She reached for her book of sonnets, giving him an arch of her eyebrow.
"Let me give a second opinion!" she returned imperiously.
"Anne… just trust me!" he shook his head in exasperation, and waited.
There was a very decided silence. Gilbert darted a quick glance at her, and had to bite down on his lip as those grey eyes widened in maidenly horror and the two pink spots on her cheeks darkened dramatically. He wondered which lines would have caused the strongest reaction? And concluded, probably all of them.
Anne closed her copy with a resolute thump.
"Yes…" she ventured, drawing herself up in impressive schoolmarm indignation. She cleared her throat soundly. "We probably don't need to worry about that one."
It seemed as good a time as any to take a break, and Gilbert organised for some tea and snaffled a currant bun unclaimed at lunch for them to share.
Anne and he settled into chairs with their sonnet-inspired debris at their feet.
"So tell me," Gilbert tried to steer well clear of any other innuendo-laden literature, "did you prefer Alec or Alonzo then?"
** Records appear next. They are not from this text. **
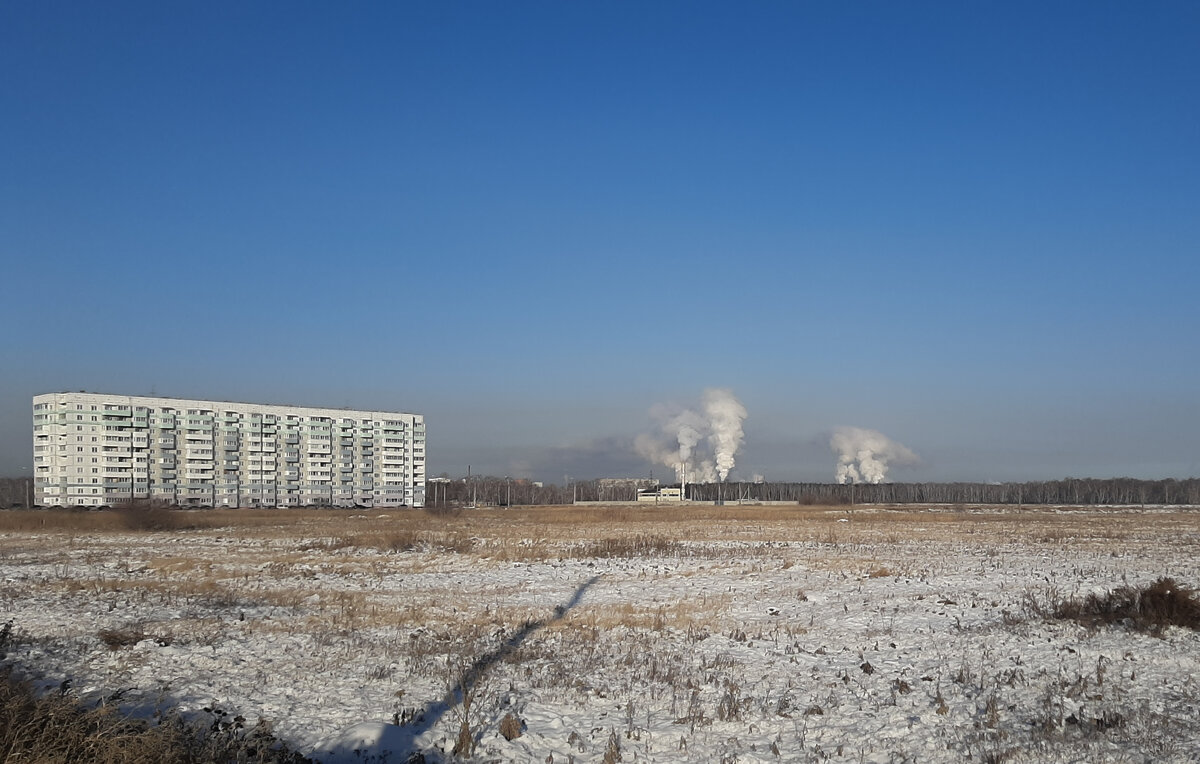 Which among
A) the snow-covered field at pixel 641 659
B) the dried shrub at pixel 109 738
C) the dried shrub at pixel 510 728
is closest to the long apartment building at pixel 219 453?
the snow-covered field at pixel 641 659

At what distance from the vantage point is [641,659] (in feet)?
48.4

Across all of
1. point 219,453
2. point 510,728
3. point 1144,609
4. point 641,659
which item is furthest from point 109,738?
point 219,453

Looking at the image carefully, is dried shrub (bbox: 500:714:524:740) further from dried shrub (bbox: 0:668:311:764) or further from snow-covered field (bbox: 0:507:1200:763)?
dried shrub (bbox: 0:668:311:764)

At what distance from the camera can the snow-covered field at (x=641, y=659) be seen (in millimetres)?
10297

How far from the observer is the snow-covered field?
10297 mm

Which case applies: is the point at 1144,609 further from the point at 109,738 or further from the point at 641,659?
the point at 109,738

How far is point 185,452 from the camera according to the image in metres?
123

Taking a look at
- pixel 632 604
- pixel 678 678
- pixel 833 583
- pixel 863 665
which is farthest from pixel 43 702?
pixel 833 583

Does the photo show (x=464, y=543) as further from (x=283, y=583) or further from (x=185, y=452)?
(x=185, y=452)

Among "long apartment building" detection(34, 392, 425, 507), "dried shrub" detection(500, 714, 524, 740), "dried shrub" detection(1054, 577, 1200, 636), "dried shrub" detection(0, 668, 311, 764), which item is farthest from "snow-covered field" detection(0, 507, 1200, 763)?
"long apartment building" detection(34, 392, 425, 507)

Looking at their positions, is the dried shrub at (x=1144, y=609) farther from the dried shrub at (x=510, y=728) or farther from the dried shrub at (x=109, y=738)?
the dried shrub at (x=109, y=738)

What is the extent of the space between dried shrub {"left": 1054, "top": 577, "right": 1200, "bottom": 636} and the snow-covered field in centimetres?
56

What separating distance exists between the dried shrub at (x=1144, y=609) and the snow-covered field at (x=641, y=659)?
0.56m

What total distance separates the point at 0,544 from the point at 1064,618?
49.8 metres
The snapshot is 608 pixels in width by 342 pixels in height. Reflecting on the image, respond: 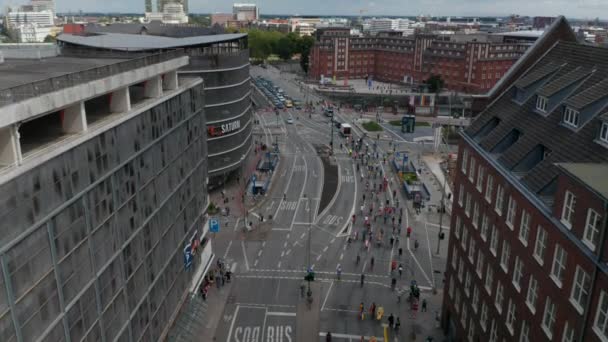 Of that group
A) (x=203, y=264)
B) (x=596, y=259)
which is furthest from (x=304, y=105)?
(x=596, y=259)

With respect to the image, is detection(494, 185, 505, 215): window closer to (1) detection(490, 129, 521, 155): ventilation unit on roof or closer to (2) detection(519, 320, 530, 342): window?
(1) detection(490, 129, 521, 155): ventilation unit on roof

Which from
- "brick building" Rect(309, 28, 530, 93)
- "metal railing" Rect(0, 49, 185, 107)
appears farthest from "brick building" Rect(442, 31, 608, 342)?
"brick building" Rect(309, 28, 530, 93)

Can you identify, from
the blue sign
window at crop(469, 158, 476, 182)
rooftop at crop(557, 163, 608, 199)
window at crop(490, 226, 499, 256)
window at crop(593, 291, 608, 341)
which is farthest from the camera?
the blue sign

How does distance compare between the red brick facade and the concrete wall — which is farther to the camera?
the red brick facade

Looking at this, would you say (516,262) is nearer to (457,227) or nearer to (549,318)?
(549,318)

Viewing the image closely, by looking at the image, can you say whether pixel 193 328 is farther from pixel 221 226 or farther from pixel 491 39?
pixel 491 39

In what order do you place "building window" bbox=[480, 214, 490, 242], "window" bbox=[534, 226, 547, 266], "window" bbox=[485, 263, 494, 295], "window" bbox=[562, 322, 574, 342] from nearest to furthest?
"window" bbox=[562, 322, 574, 342]
"window" bbox=[534, 226, 547, 266]
"window" bbox=[485, 263, 494, 295]
"building window" bbox=[480, 214, 490, 242]

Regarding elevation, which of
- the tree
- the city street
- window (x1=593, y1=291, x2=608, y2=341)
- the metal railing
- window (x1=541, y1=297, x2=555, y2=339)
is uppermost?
the metal railing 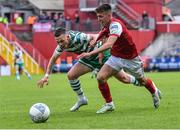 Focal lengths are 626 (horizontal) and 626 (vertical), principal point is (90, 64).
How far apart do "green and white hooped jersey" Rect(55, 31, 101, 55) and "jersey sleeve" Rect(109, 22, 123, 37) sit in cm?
102

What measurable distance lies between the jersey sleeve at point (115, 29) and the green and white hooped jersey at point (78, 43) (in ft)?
3.35

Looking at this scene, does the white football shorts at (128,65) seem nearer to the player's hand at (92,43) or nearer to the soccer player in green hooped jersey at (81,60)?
the soccer player in green hooped jersey at (81,60)

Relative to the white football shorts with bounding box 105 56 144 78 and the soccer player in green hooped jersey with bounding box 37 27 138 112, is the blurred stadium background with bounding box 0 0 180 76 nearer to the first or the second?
the soccer player in green hooped jersey with bounding box 37 27 138 112

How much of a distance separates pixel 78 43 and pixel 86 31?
35.4 m

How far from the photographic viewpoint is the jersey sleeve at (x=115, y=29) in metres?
12.0

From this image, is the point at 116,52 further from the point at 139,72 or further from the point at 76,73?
the point at 76,73

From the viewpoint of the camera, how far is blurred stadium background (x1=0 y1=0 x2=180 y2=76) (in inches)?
1732

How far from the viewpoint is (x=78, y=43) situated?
12.9 m

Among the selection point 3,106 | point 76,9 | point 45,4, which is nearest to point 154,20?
point 76,9

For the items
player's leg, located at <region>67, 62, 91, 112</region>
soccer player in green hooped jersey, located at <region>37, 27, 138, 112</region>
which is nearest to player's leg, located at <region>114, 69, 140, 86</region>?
soccer player in green hooped jersey, located at <region>37, 27, 138, 112</region>

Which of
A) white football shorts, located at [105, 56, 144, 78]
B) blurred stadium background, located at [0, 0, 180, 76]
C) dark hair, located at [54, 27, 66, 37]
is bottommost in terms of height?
blurred stadium background, located at [0, 0, 180, 76]

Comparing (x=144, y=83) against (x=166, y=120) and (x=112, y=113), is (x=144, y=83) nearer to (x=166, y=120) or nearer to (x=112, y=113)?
(x=112, y=113)

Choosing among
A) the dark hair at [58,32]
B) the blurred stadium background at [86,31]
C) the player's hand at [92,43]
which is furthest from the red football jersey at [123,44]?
the blurred stadium background at [86,31]

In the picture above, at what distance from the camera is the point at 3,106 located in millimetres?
15039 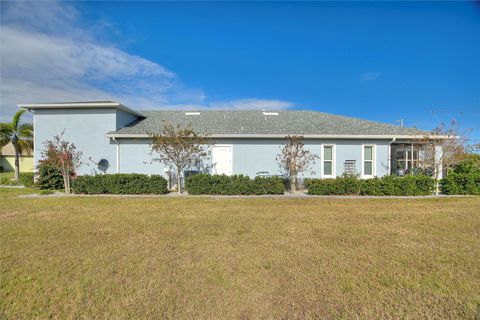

Anne's surprised laugh threatened her mouthful of bun. She took a necessary moment.
"Isn't the question whom Phil perhaps prefers, or they regarding her?" she gave a leading smile.
"The way Phil tells it – and she had my ear all during Mathematics mind you – it was more along the lines of her threatening to cast you out, Anne Shirley, on account of interfering with the adulation she clearly expected for herself."
Anne rolled her eyes, but her little downturned smile looked a little too pleased for Gilbert's liking.
"Both Alec and Alonzo were charm personified," she now deflected like a master, "and you would have gotten along with them famously, Gilbert Blythe," she parried.
Gilbert blew out a frustrated breath. "Well may you laugh at me, Anne Shirley, but I have depths to me so well hidden even I haven't discovered them yet."
He meant it as another joke, as a joke in a long line of them, though it hurt him to make it.
"I know you have…" Anne's grey-eyed look to him was instantly mollified. "Gilbert – I didn't mean that you – "
"Anne, it's OK," he waved off her apology with his hand. "It was a joke. What say we get back to these sonnets then?"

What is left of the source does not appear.